Why Teachers Are Quitting TSC for UK and US Jobs

TSC CEO Nancy Macharia addressing teachers at Safari Park Hotel on Tuesday, July 13, 2021
TSC CEO Nancy Macharia addressing teachers at Safari Park Hotel on Tuesday, July 13, 2021.
TSC /Twitter

Teachers are reportedly quitting the Teachers Service Commission (TSC) for more lucrative positions in first-world countries.

One of the teachers, in an interview with NTV on Sunday, indicated that the salaries offered abroad were in six figures and more lucrative than their earnings locally.

"As a teacher in Kenya, the only thing you can afford is maybe to build a small 2-bedroom house and pay school fees for two children," Felix Wanyaga noted.

Another teacher lamented that the changing terms of promotion and poor infrastructure were driving tutors out of the teaching industry.

A classroom inside MV World Odyssey
A classroom inside MV World Odyssey
Semester at Sea

"Before, we were getting promotion on merit but then it stopped. We were told that if you need to get a promotion, you have to go back to class, so I had to go back to class," another tutor, Silvia Wanjiru, stated.

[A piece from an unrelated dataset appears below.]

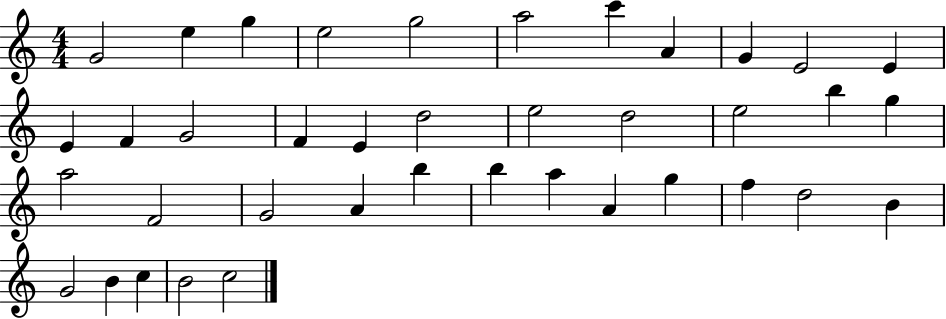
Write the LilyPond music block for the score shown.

Reports indicated that the teachers prefer jobs in the United States and the United Kingdom which are currently experiencing a shortage north of 400,000.

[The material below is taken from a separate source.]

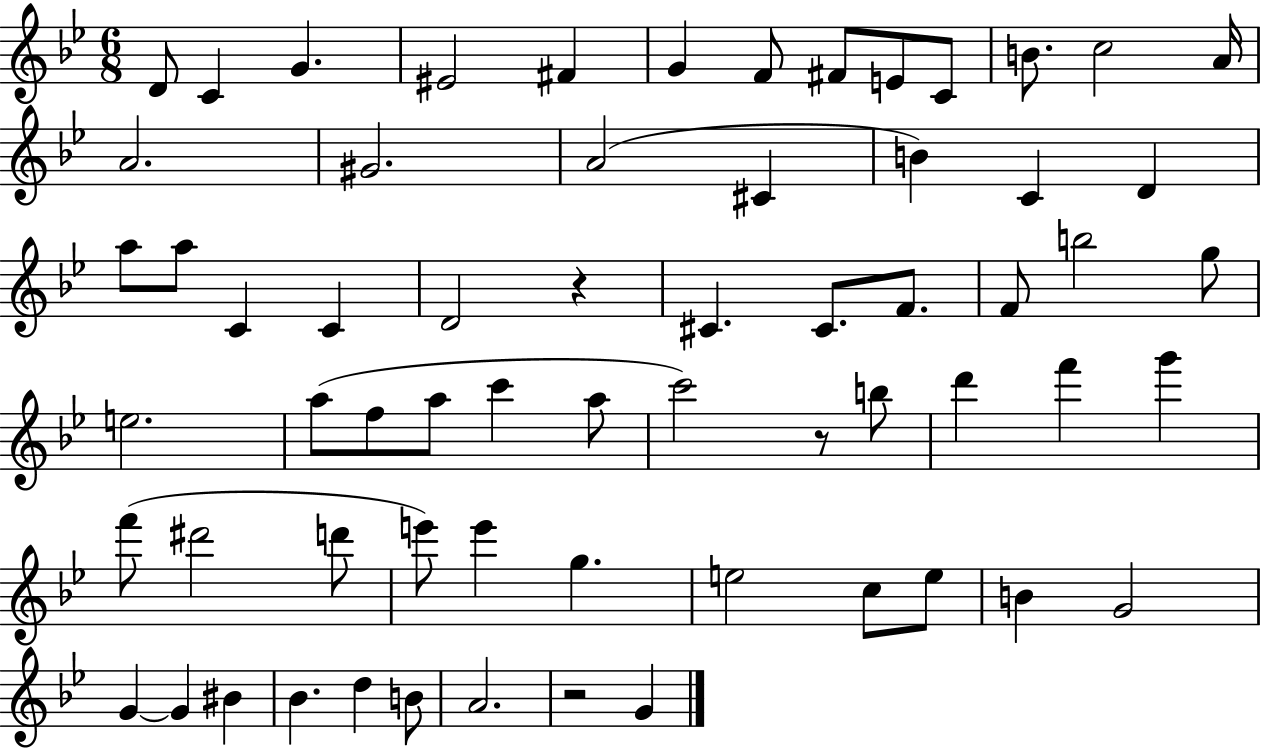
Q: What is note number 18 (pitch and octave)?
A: B4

The departures came as the government's plan to hire 46,000 Junior Secondary School interns on a permanent and pensionable basis went on ice.

President William Ruto, on Wednesday, indicated that his administration will initiate budget cuts after shelving the Finance Bill, 2024 in its entirety. The process of hiring teachers is among the affected sectors.

In February this year, the government announced that it was working on a plan to export teachers to foreign countries even as the unemployment rate across the country continues to rise.

At the time, the State Department for Diaspora Affairs noted that the Kenyan workforce was in demand abroad, and Kenyan teachers were highly sought after.

Around the same time, however, TSC introduced new hurdles for teachers looking for promotion in primary and secondary schools.

The government, through the Teachers Service Commission (Amendment) Bill of 2024 announced that it will require all its tutors to sit for a practising certificate, under the continuous professional development programmes.

The bill sought to amend the Teachers Service Commission Act, of 2012. 

TSC boss Nancy Macharia appears before the  Public Petitions Committee on November15, 2023.
TSC boss Nancy Macharia appears before the Public Petitions Committee on November 15, 2023.